Surprise comparison between intermittent fasting and calorie restriction

A new study, published in the Annals of Internal Medicine, finds that those who participated in intermittent fasting and ate all their calories within eight hours lost the same amount of weight as those who ate whenever they wanted but restricted calories.

According to what was published by the New York Post, researchers at the University of Colorado conducted an experiment in which 90 adults participated, who were divided into a group that ate whatever they wanted, but only between noon and eight o’clock, while the participants in the second group ate whenever they wanted, but with 25% calorie restriction; Of course, the third group was the control group, that is, those who did not change the dates or the number of calories for their meals.

Little difference on the scale

Trial participants successfully stuck to their assigned diet and reported no adverse side effects from either.
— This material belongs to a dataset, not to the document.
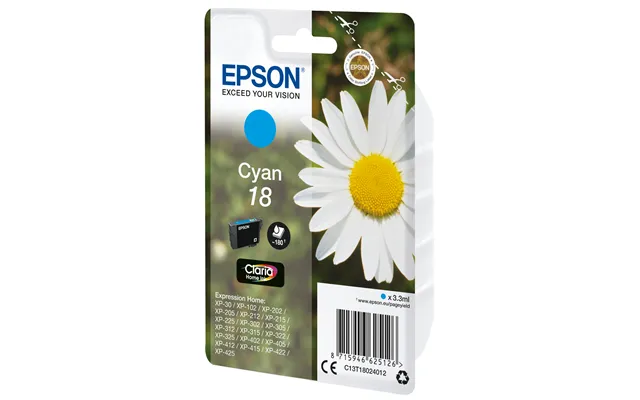 Epson C13t18024012 18 Ink Cartridge Cyan. 180 Pages 3ml For Epson Xp 3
Compared to the control group, those who restricted calories but did not restrict the time frame ate 405 fewer calories per day and lost about 5 extra pounds, on average, after one year. Those who participated in the intermittent fasting group consumed 425 fewer calories per day and lost an additional 4.5 kilograms.

The most effective way

Previous findings support the new study, suggesting that calorie counting remains the most effective way to lose unwanted weight.

“Time-restricted eating (intermittent fasting) has become a popular weight loss regimen,” said Shuhao Lin, a registered dietitian and lead researcher on the study. [نظام الصيام المتقطع] Most likely due to its sheer simplicity and the fact that it doesn’t require people to count calories to lose weight.”

intermittent fasting

According to Johns Hopkins Medicine, intermittent fasting involves eating only during a set period of time, alternating between fasting and eating on a regular schedule.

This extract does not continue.